Namely, what kind of movies he watched while he was hiding from all of America's military and intelligence forces.
The CIA has released select files from the compound over the years, and on November 1 the agency made public an additional 470,000 documents, in case you needed some light reading on a fall afternoon.
While the site containing the files crashed relatively quickly, the CIA's press release notes some revealing info about what documents and files were redacted. There's the expected fare, things like porn and material that would compromise national security, but the nation's top spy group also noted it withheld copyrighted materials, including movies and TV shows the head of al-Qaeda presumably watched at some point during his decade in hiding.

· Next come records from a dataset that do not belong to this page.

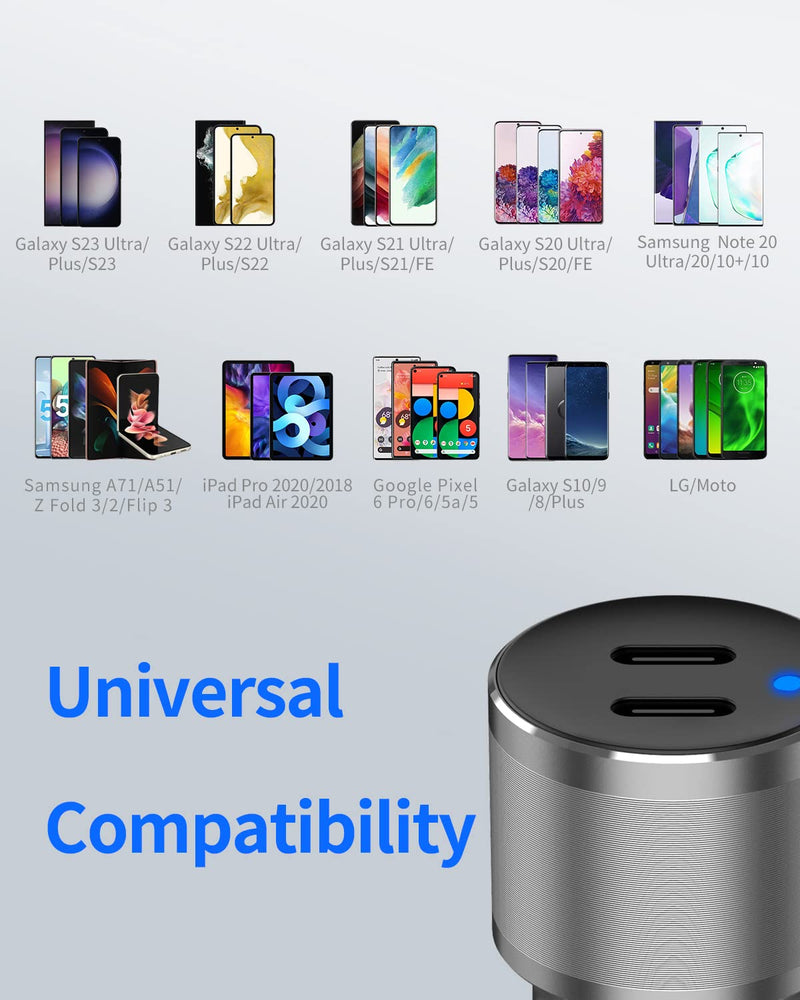[Australia - AusPower] - Dual USB C Car Charger, 60W PD (30W + 30W) Super Fast Charging Adapter Metal for iPhone 15 Pro Max, Samsung Galaxy S24 Ultra/S24 Plus/S24/S23/S22/S21, Note 20/10, iPad Pro + 2X Type C to C Cable 3.3Ft Gray 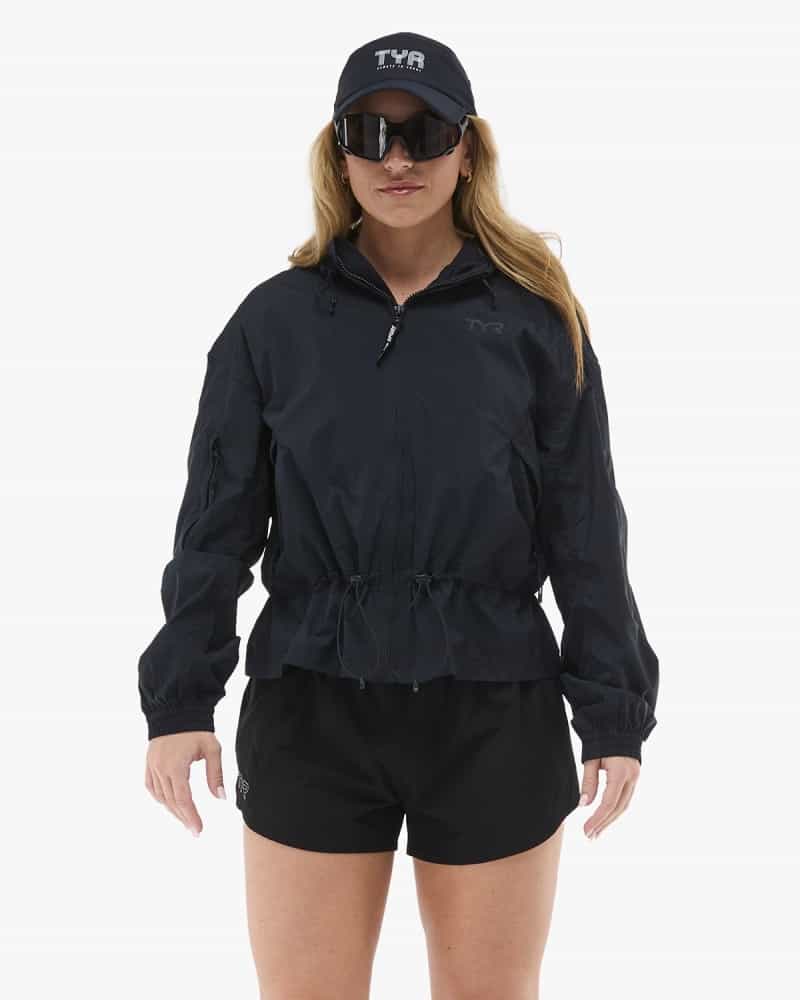 Women's Full Zip Windbreaker - Black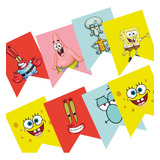 Banderines Imprimibles Editables Bob Esponja Cumpleaños Pdf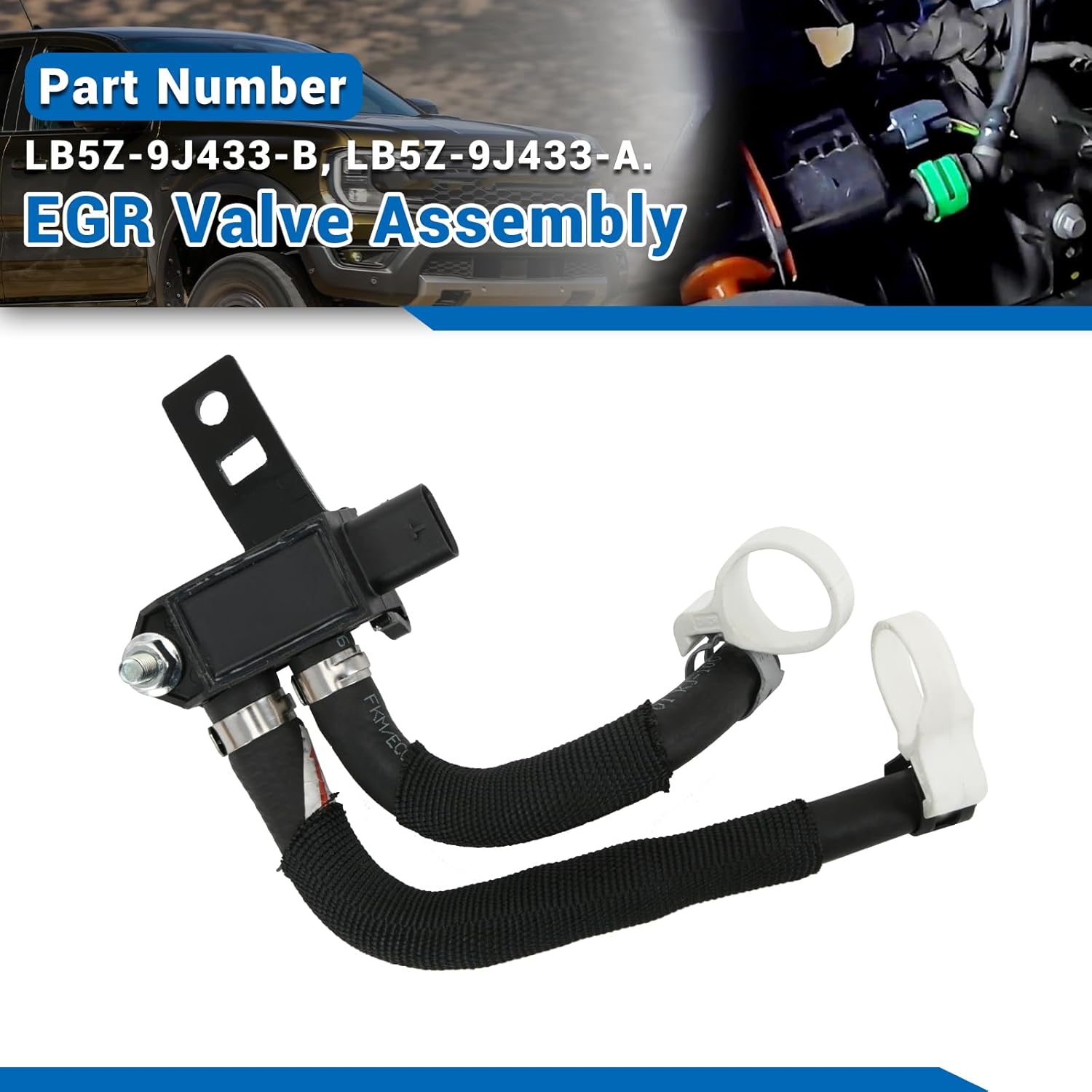 Exhaust Gas Recirculation Valve Vacuum Solenoid Assembly LB5Z-9J433-B for Ford Ranger 2019-2024 Bronco 2021-2024 Explorer 2020-2024 2.3L Ecoboost Replace LB5Z-9J433-A LB5E-9J433-AB AC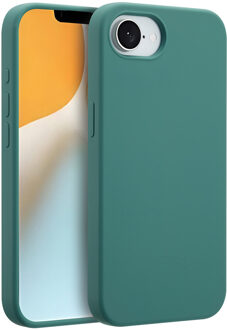Accezz Liquid Silicone Backcover met MagSafe voor de Apple iPhone 16e - Donkergroen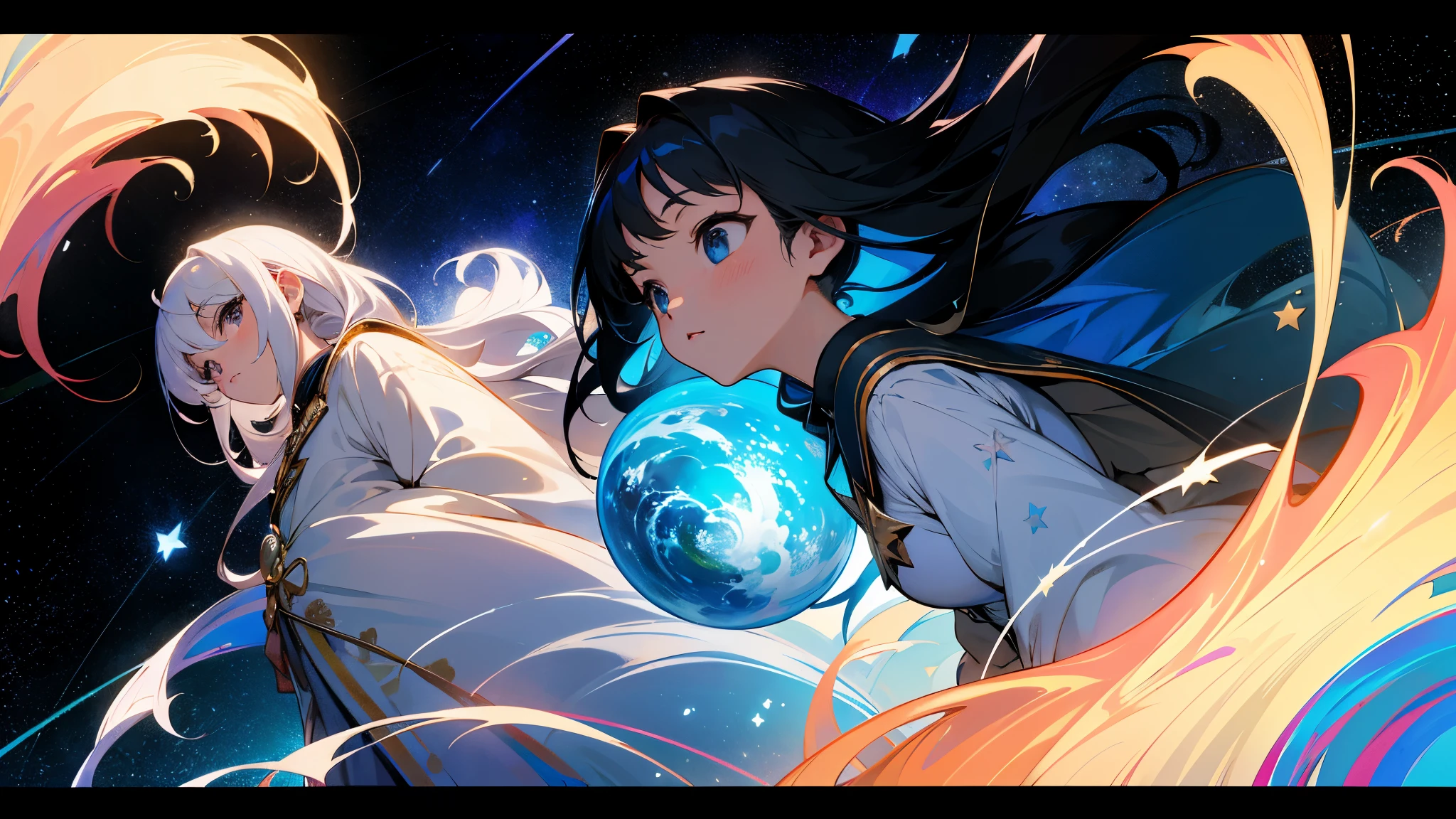 (masterpiece、Best Quality: 1.2)、Provocative composition、Low - Angle、From below、Look Up、Cinematic Anime、universe、universe、milky way、Cosmos、惑star、star、universe飛行士、whole body、Super detailed、Beautiful Face、Fine grain、Anime clips of three girls floating in great detail、Correct Anatomy、Incredible Absades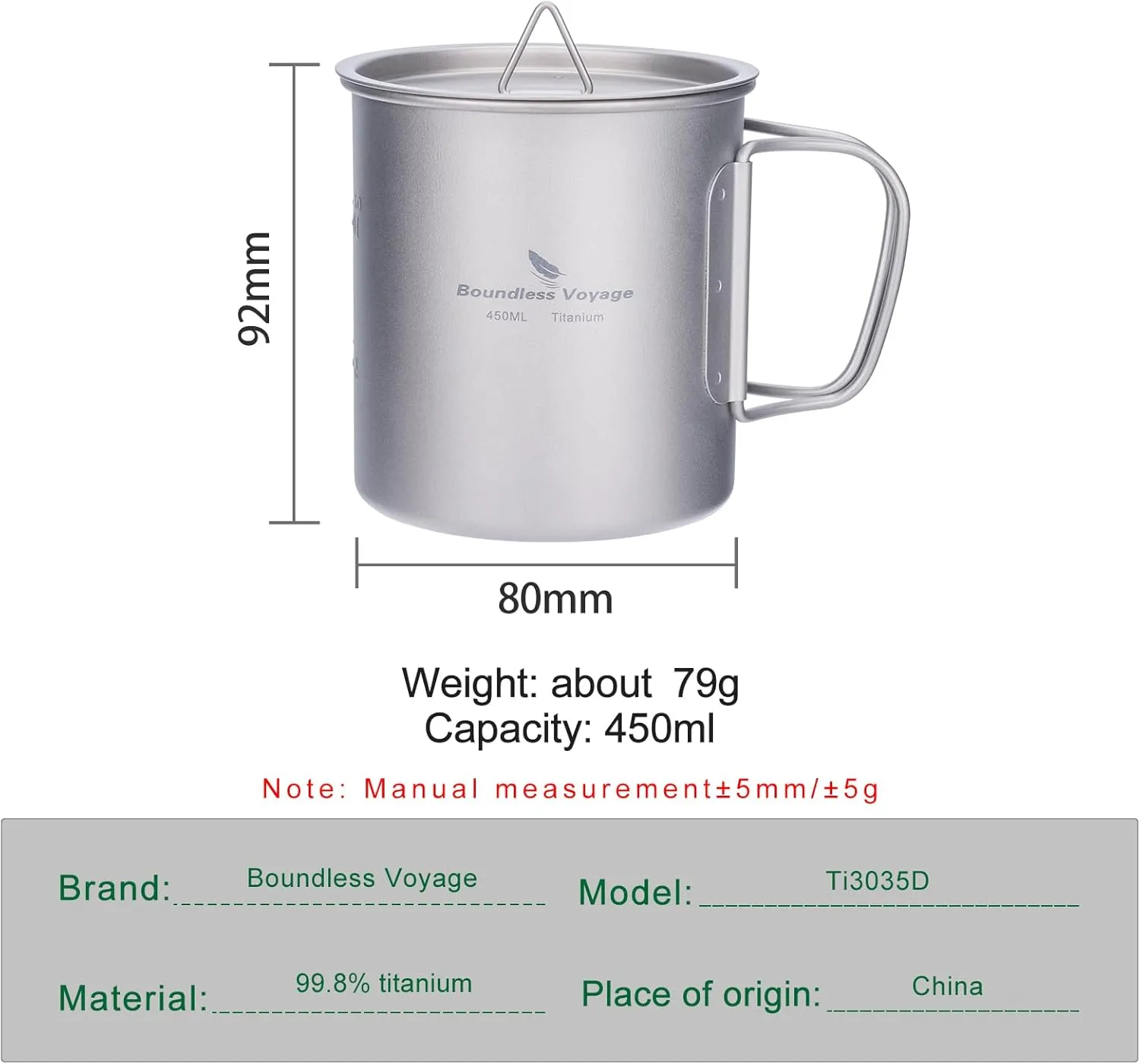 Boundless Voyage Titanium Cup with Lid Outdoor Camping Ultralight Water Tea Coffee Mug 200ML/300ML/450ML (450ml (15.2fl oz))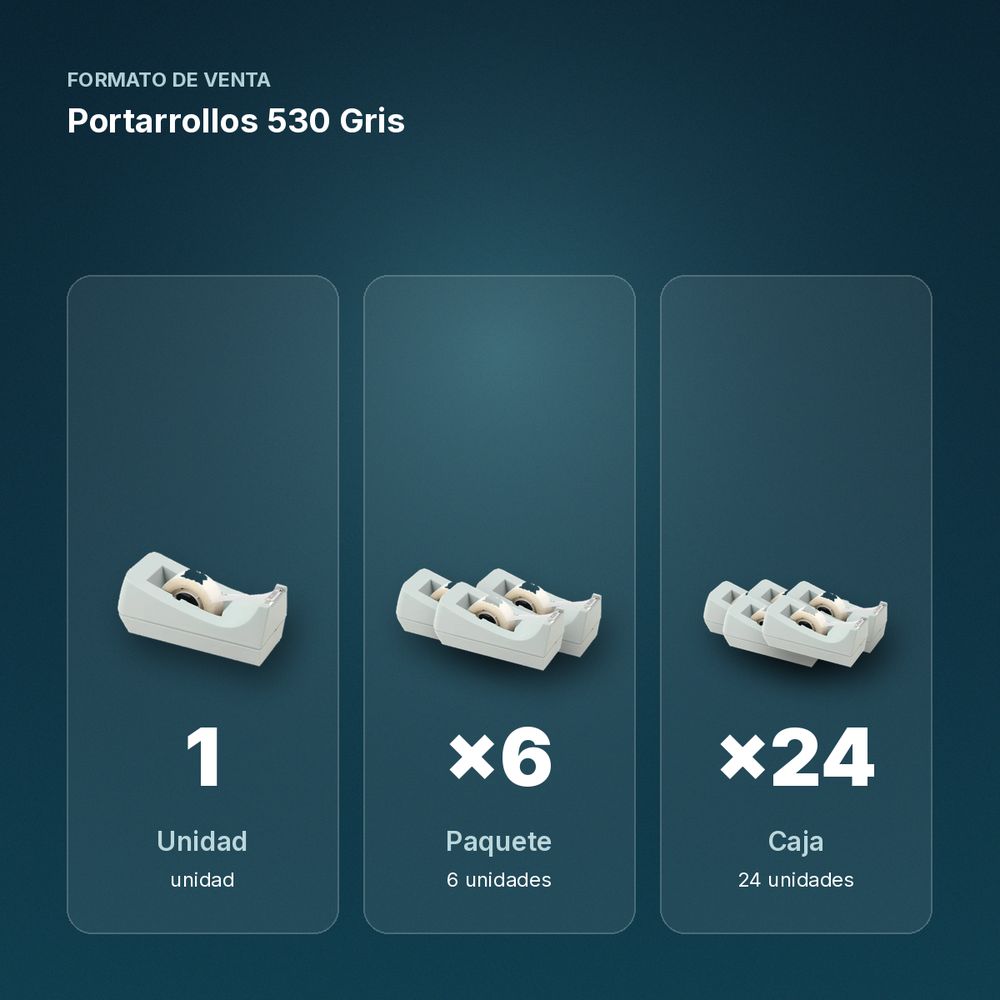 PORTARROLLOS 530 GRIS - formato de venta: paquete de 6, caja de 24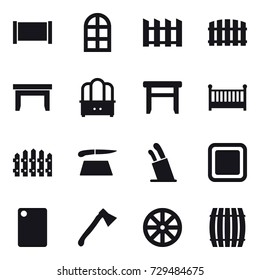 16 vector icon set : fence, arch window, table, dresser, stool, crib, cutting board, stands for knives, axe, wheel, barrel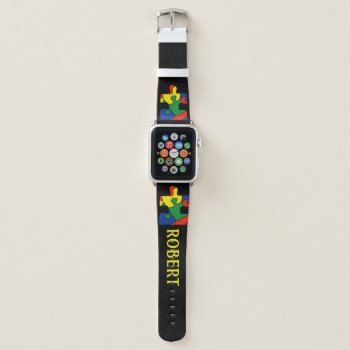 Autism Awareness Support Puzzle Piece Add Name Apple Watch Band by Frasure_Studios at Zazzle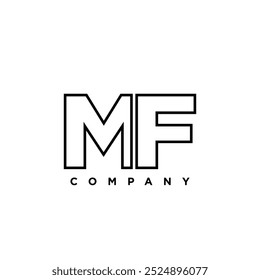 Letter M and F, MF logo design template. Minimal monogram initial based logotype.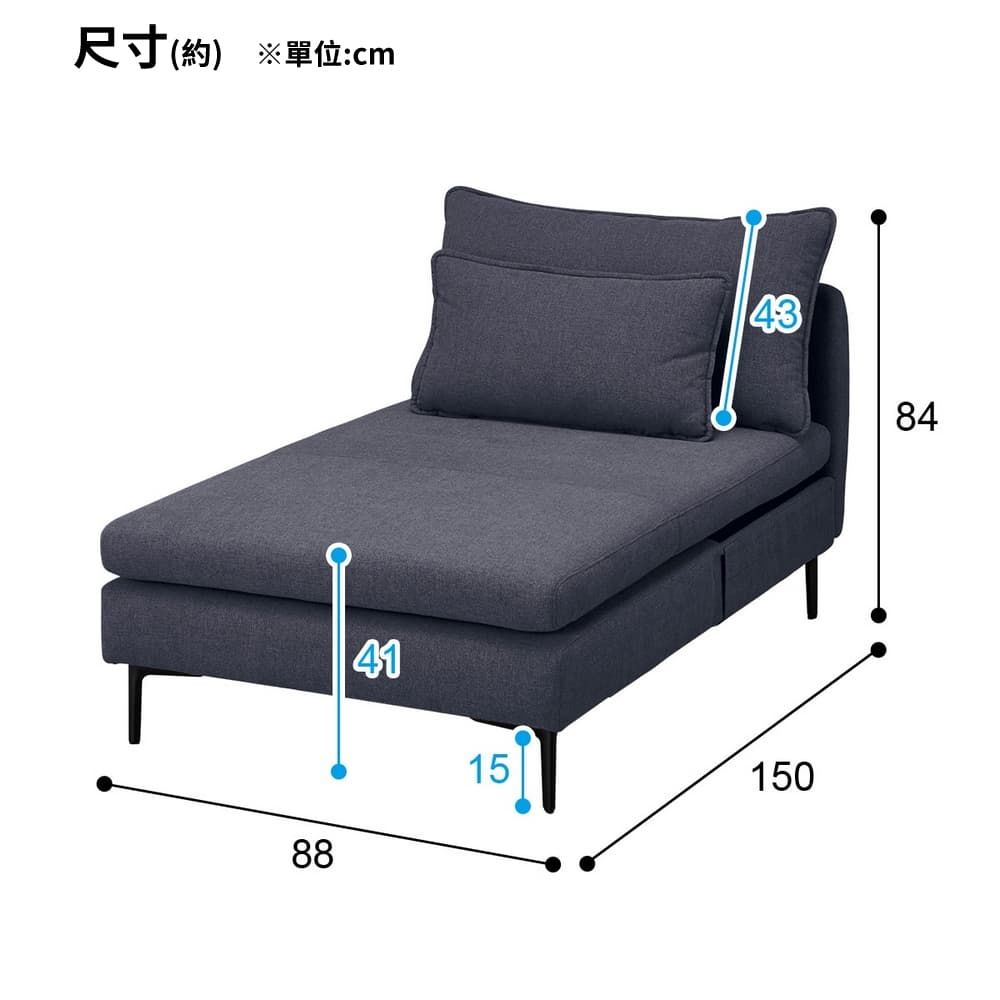 NITORI 宜得利家居 耐磨耐刮 防潑水貓抓布 布質躺椅無扶手沙發 MS01 N-S布 AQ-DBL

The titels revealed in the press release include:
- Batman Gotham Knight
- BBC Great Wildlife Moments
- Biography -- Osama bin Laden
- Chicken Little
- CNN Presents: World’s Most Wanted
- Final Fantasy VII
- Heroes of Tomorrow
- Home on the Range
- Ice Age: Dawn of the Dinosaurs
- In the Footsteps of bin Laden -- CNN
- National Geographic: Kung Fu Killers
- National Geographic: Inside the Green Berets
- National Geographic: Predators at War
- National Geographic: World’s Worst Venom
- Peru Civilization
- Resident Evil
- Storm Rider -- Clash of the Evils
- The Kremlin from Inside
- The Story of India
- The Three Musketeers
- Where in the World is Osama bin Laden
It's impossible to deduce the psychology of Osama bin Laden from a list of movies at his compound, of course, and any of us subjected to evaluation based on our pop culture tastes might not hold up too well (I would hate for my A Walk to Remember DVD to fall into the CIA's hands). Nevertheless, this limited list contains a few interesting tidbits.
First, bin Laden clearly took an interest in himself -- it's probably smart to watch Where in the World Is Osama bin Laden if you're trying to, ya know, escape detection by the most advanced technology in armed history. Biographical accounts of his life also likely provided insight into how the West perceived him.
Second, what's with all the animated kids movies? Granted, Woody Allen's Antz is pretty dark, but Cars, Home on the Range, and Ice Age: Dawn of the Dinosaurs do not exactly fit the public image of a man conceiving the global terrorism plots. There were, however, several children in the compound, so it's reasonable to guess the kids movies were for them.
Third, bin Laden wasn't single-mindedly focused on America, with programs on Peru, Russia, and India on the list of copyrighted materials provided by the CIA. Some escapism is likely necessary when you literally can't leave or even be seen outside your house.
And while it's clear that he hoped to get inside America's collective consciousness, he probably should've picked a National Geographic special about the SEALs, rather than the Green Berets.
Finally, there's a dash of irony: Resident Evil. These probably weren't the only forms of entertainment bin Laden viewed over the years, but we'll never know the full extent of what went on at the Abbottabad compound unless the CIA releases all of the documents in its possession.